(1781) Les trois siecles de la littérature françoise, ou tableau de l'esprit de nos écrivains depuis François I, jusqu'en 1781. Tome IV « Les trois siecles de la littérature françoise.ABCD — R. — article » pp. 66-69
/ 2289
(1781) Les trois siecles de la littérature françoise, ou tableau de l'esprit de nos écrivains depuis François I, jusqu'en 1781. Tome IV « Les trois siecles de la littérature françoise.ABCD — R. — article » pp. 66-69

Regnard, [Jean-François] né à Paris en 1647, mort en 1709 ; le meilleur de nos Poëtes Comiques, après Moliere, en ce qu'il a le plus approché du génie de ce Grand Homme. On voit, par la plupart de ses Pieces, & sur-tout par celle du Joueur, qu'il auroit pu égaler plus souvent son Modele, si une vie trop dissipée, des voyages très-longs & très-fréquens n'eussent nui à la perfection de ses talens.

Ce n'est que par une application constante, par une continuité non interrompue de travaux sur le même objet, qu'on peut développer les dons qu'on a reçus de la Nature pour y réussir. La vie de Regnard a été totalement opposée à ce principe. Tantôt esclave à Alger, tantôt Voyageur en Laponie, il abandonnoit l'étude & la composition, & n'y revenoit que par l'impulsion de son génie, qui le forçoit, en quelque maniere, à produire malgré lui. Parmi tant de vicissitudes & de distractions, il est étonnant qu'il soit sorti de sa plume un si grand nombre de Pieces dignes de rester au Théatre, & revues avec plaisir. Telles sont le Joueur, le Distrait, les Menechmes, le Légataire universel, les Folies amoureuses, Démocrite, la Sérénade, & le Retour imprévu.

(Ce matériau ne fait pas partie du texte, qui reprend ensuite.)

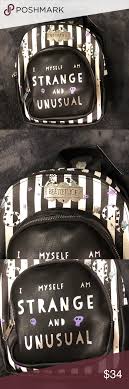 | dungeons & dragons embossed mini backpack new hot topic. Beetlejuice Nwt Mini Backpack Mini Backpack Beetlejuice Mini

Le Joueur, par-dessus toutes, est une Comédie, dont le principal Caractere & ses accessoires sont dessinés & rendus avec autant de finesse que de fidélité. Une imagination vive & gaie, un bon sens exquis, une connoissance bien étendue du Théatre, le naturel du dialogue, un art admirable de saisir les ridicules & de les peindre dans leur jour le plus brillant, la rendront toujours digne d'être proposée pour modele.

Dans les Pieces d'intrigue, Regnard est supérieur à tous ceux qui l'ont suivi. Personne n'a su mieux manier un sujet, le conduire, & le terminer par un dénouement agréable & piquant. S'il avoit eu soin d'unir la morale à la force comique ; de suivre les regles indispensables de la Comédie, destinée par son institution à instruire & à corriger ; de donner aux travers qu'il expose, les couleurs qui en font sentir & détester la difformité ; de punir sur la Scene les Personnages vicieux qu'il y introduit ; en un mot, de travailler à rendre les hommes meilleurs, autant qu'il s'appliquoit à les amuser : il est certain qu'il auroit droit de prétendre à une gloire plus brillante & plus solide que celle dont il est en possession.

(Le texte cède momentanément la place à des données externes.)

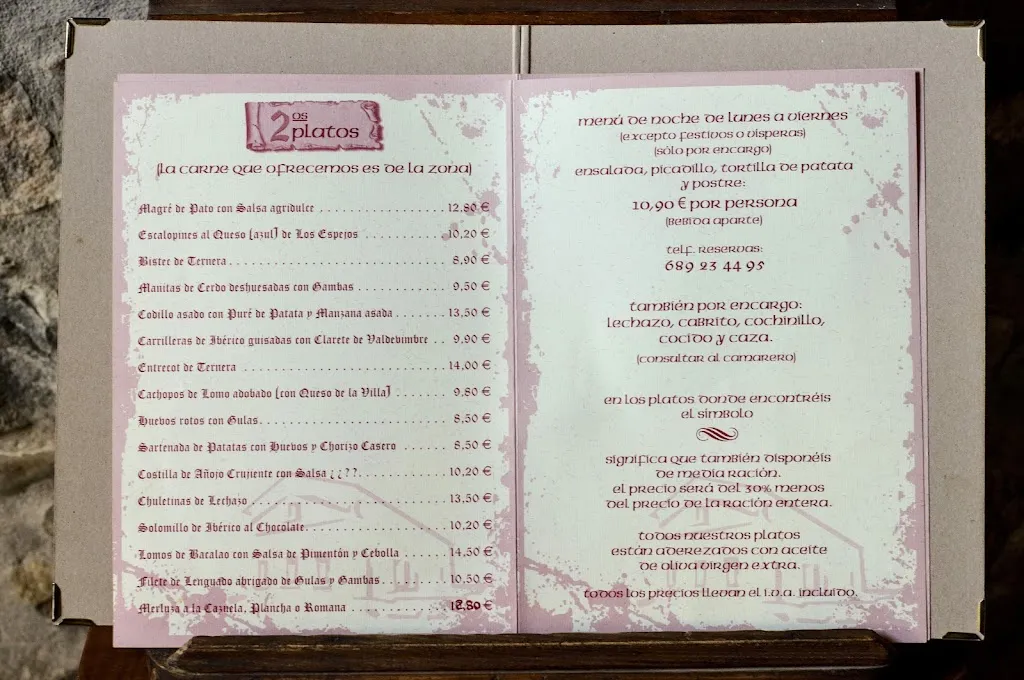Menu_Venta de Eslonza_Benuza_image_1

Il ne faut pas conclure cependant de ce reproche, que nos Comédies froides & sentencieuses soient préférables aux siennes. Ce n'est point par des déclamations insipides ; par un étalage de morale empoulée, gigantesque ; par des tableaux d'un coloris aussi forcé que rebutant ; par des sentimens alambiqués ; par une Métaphysique quintessenciée & confuse ; par des maximes parasites, jetées au hasard & avec affectation, que nos prétendus Comiques pourront se flatter d'égaler les Grands Hommes, en prenant une route opposée à celle qui les a conduits au succès. Il n'est pas possible qu'ils se dissimulent leurs méprises, à la vue de l'oubli où sont tombées & où tombent tous les jours quantité de Pieces, applaudies d'abord avec enthousiasme, & rejetées ensuite avec dégoût : tant la réflexion & le retour des vrais principes sont ennemis des Productions contraires à la raison & au bon goût ! Le bizarre peut séduire un moment, mais son triomphe est court, & on méprise ce qu'on avoit d'adord goûté, à proportion de la honte qu'inspirent les travers qui avoient su en imposer.

On a de Regnard quelques petits Ouvrages en prose, dont le Voyage de Laponie est le plus piquant, par les détails curieux qu'il renferme, & la maniere dont ils sont racontés. L'Auteur y paroît cependant trop crédule, à certains égards, & observateur peu judicieux.